BEGIN
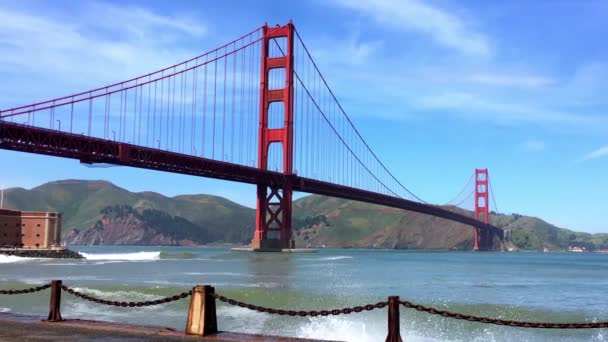 Γέφυρα Golden Gate Όπως Φαίνεται Από Baker Beach Στο Ηλιοβασίλεμα — Αρχείο Βίντεο
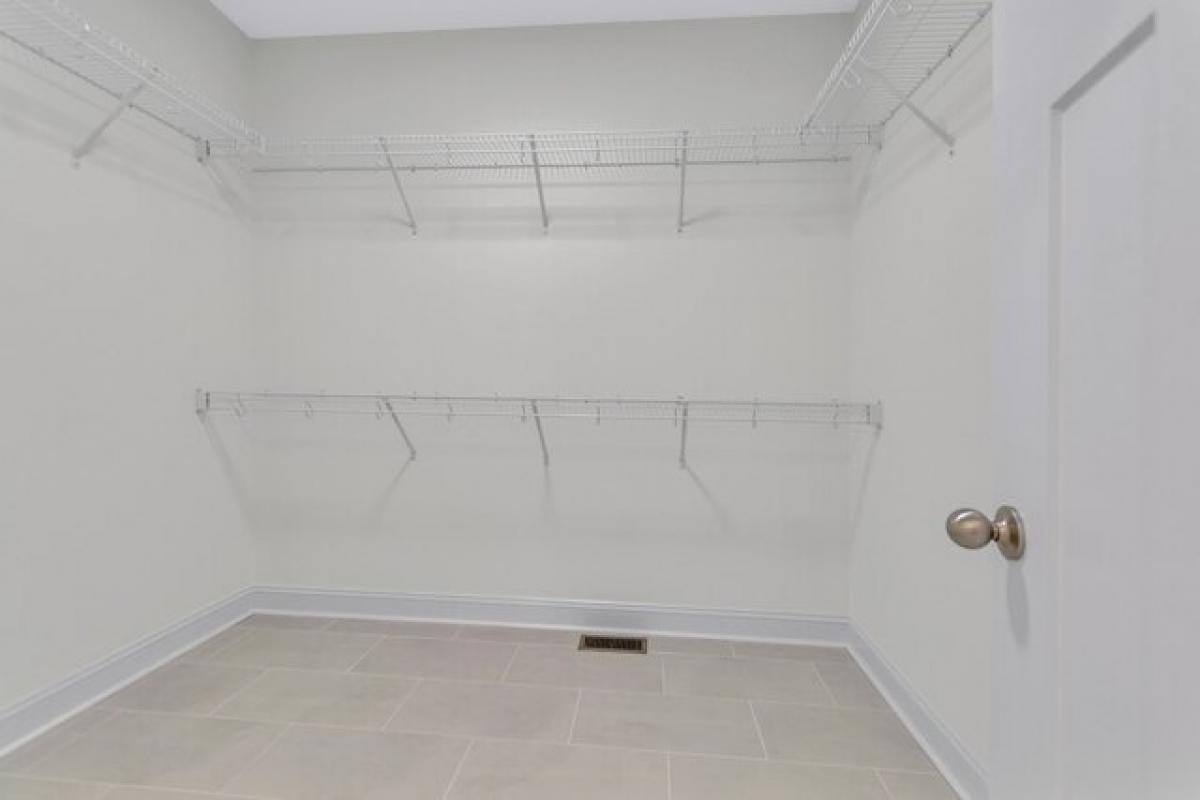 Picture of Home For Sale in Clarksville, Tennessee, United States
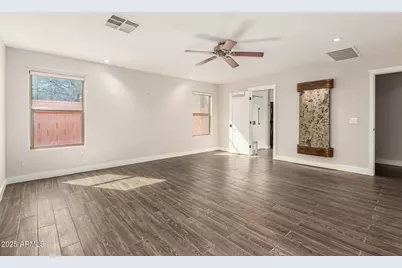 2425 W Florentine Road, Phoenix, AZ 85086 - Photo 20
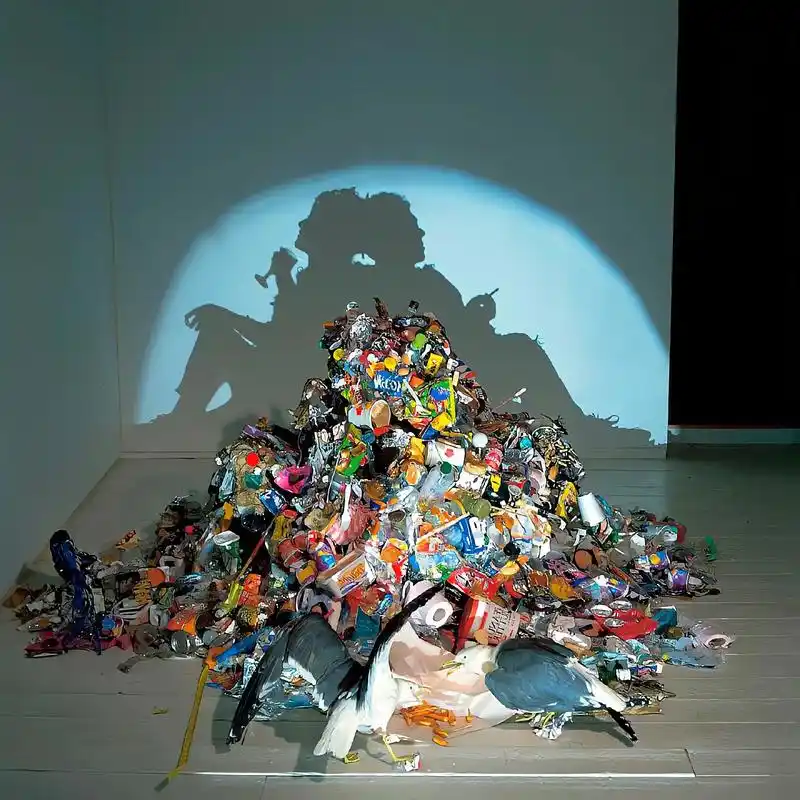"艺术家tim noble用垃圾堆成的光影艺术作品" - 抖音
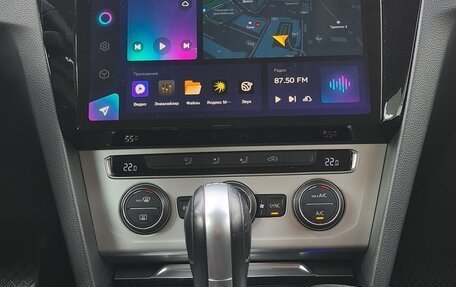 Volkswagen Passat B8 рестайлинг, 2015 год, 1 850 000 рублей, 10 фотография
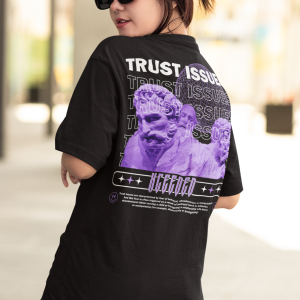 Дамска Черна Тениска "Oversize Trust Issues"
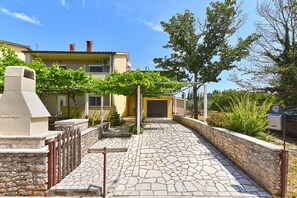 Property grounds - Apartment 929/2200 (Istria - Valbandon), 900m from the beach (Valbandon)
END
### YOUR TASK:
Reprint the whole listing verbatim except for the pictures.

### RESULT FOR THIS EXERCISE:
 Γέφυρα Golden Gate Όπως Φαίνεται Από Baker Beach Στο Ηλιοβασίλεμα — Αρχείο Βίντεο
 Picture of Home For Sale in Clarksville, Tennessee, United States
 2425 W Florentine Road, Phoenix, AZ 85086 - Photo 20
"艺术家tim noble用垃圾堆成的光影艺术作品" - 抖音
 Volkswagen Passat B8 рестайлинг, 2015 год, 1 850 000 рублей, 10 фотография
 Дамска Черна Тениска "Oversize Trust Issues"
 Property grounds - Apartment 929/2200 (Istria - Valbandon), 900m from the beach (Valbandon)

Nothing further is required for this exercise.